Segment Open

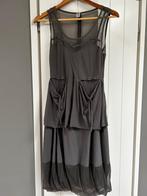 Indies Taupe Jurk - Maat S, Bruin, Ophalen of Verzenden, Zo goed als nieuw, Knielengte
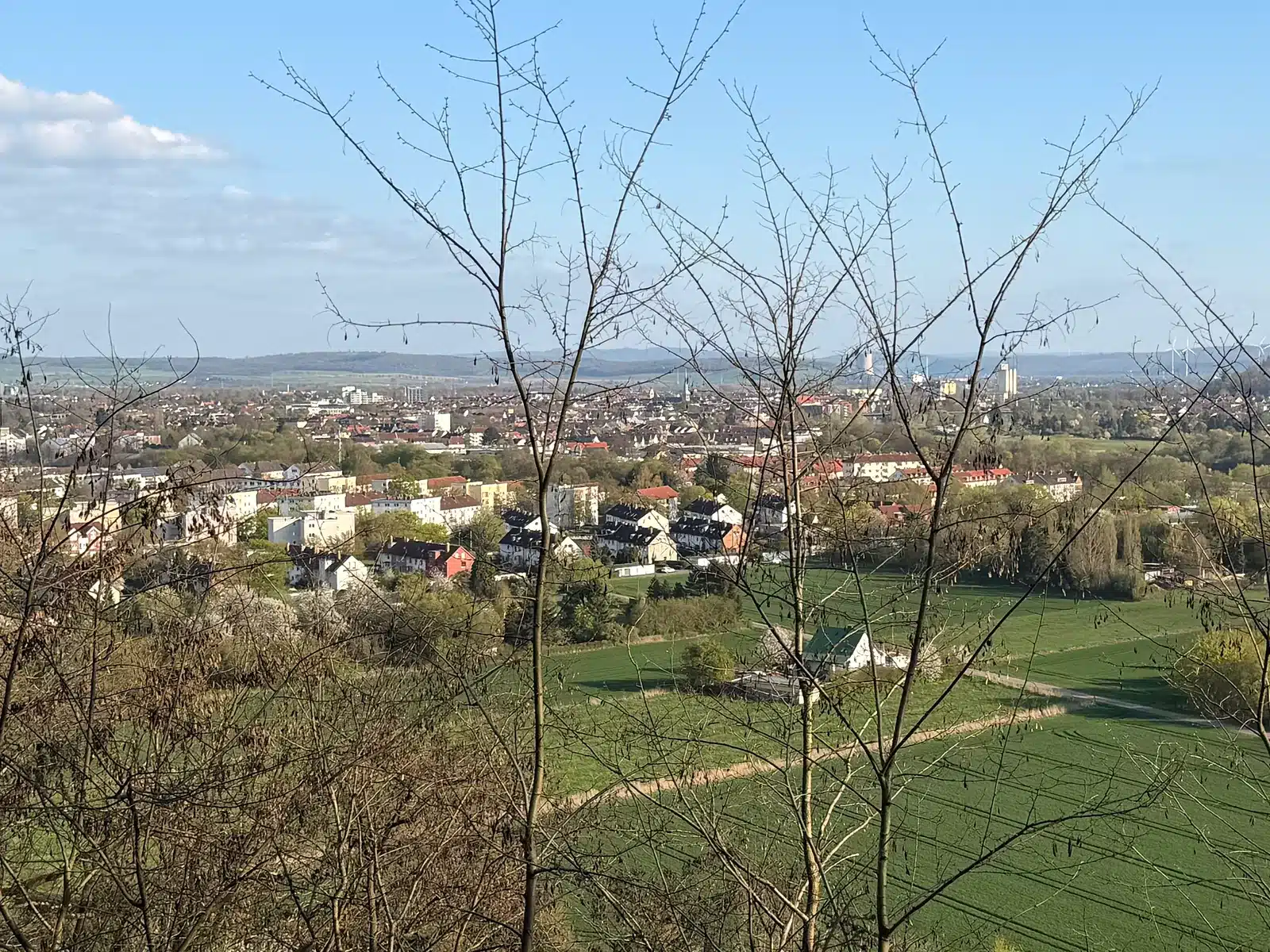 Klüt und Klütturm in Hameln: mein Hausberg zwischen Stadtblick und HM1-Wanderung 4 Weiter Blick über Hameln und die bewaldeten Höhen des Weserberglands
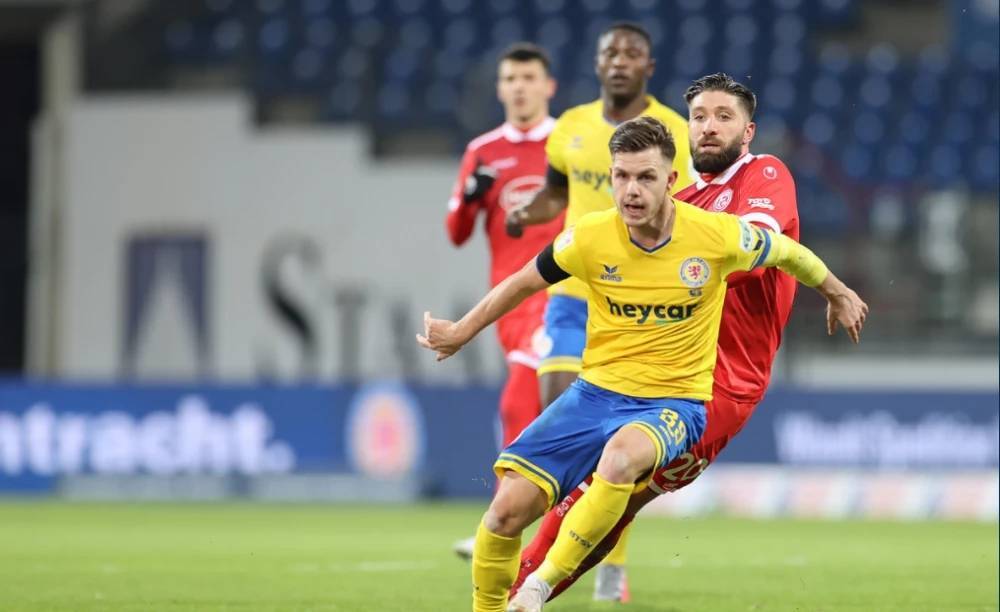 的阵阵掌声 的阵阵掌声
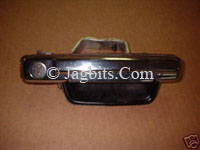 USED DOOR HANDLE ASSEMBLY, OUTSIDE RIGHT  BBC5932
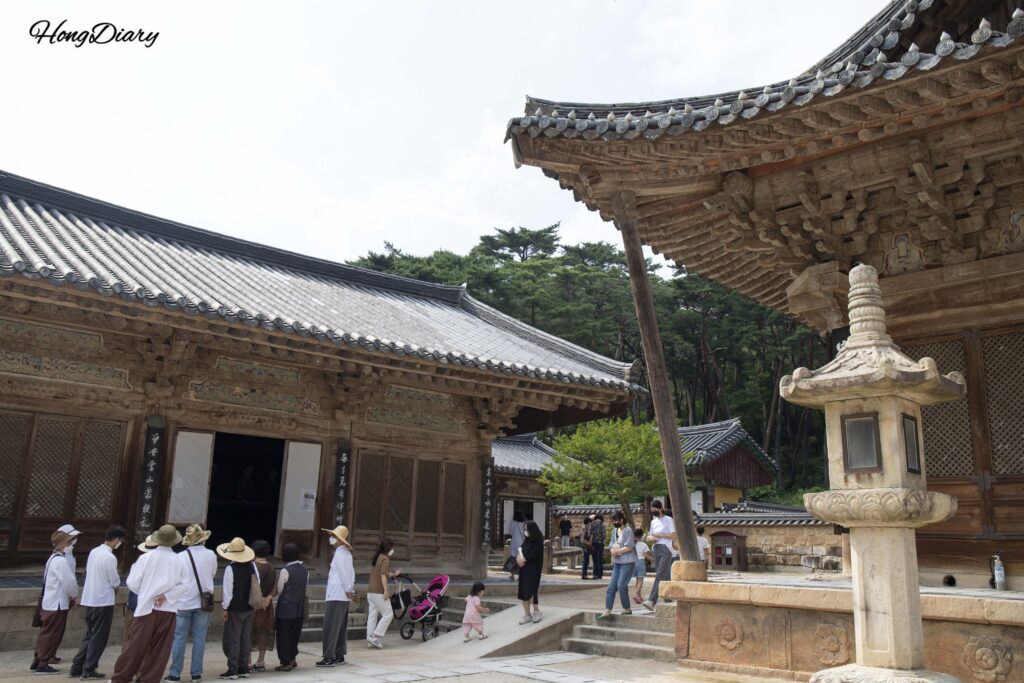 Salón principal Daeungjeon y pagoda de piedra del Templo Tongdosa, el templo sin estatua de Buda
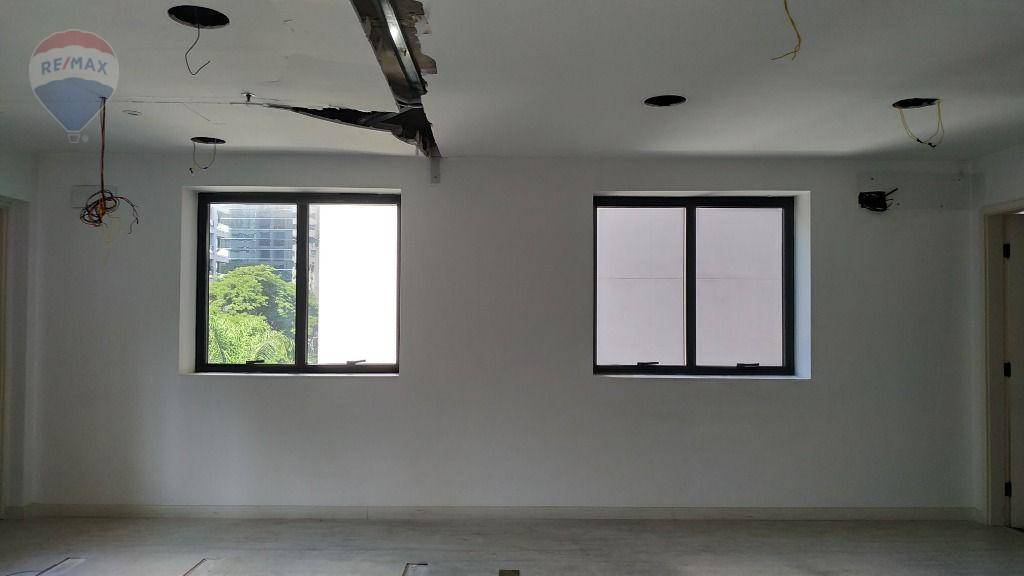 Prédio Inteiro para alugar, 100m² - Foto 13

Segment Closed

**Exercise aim:** Print the listing exactly, images excluded.

**Result:**
 Indies Taupe Jurk - Maat S, Bruin, Ophalen of Verzenden, Zo goed als nieuw, Knielengte
 Klüt und Klütturm in Hameln: mein Hausberg zwischen Stadtblick und HM1-Wanderung 4 Weiter Blick über Hameln und die bewaldeten Höhen des Weserberglands
 的阵阵掌声 的阵阵掌声
 USED DOOR HANDLE ASSEMBLY, OUTSIDE RIGHT  BBC5932
 Salón principal Daeungjeon y pagoda de piedra del Templo Tongdosa, el templo sin estatua de Buda
 Prédio Inteiro para alugar, 100m² - Foto 13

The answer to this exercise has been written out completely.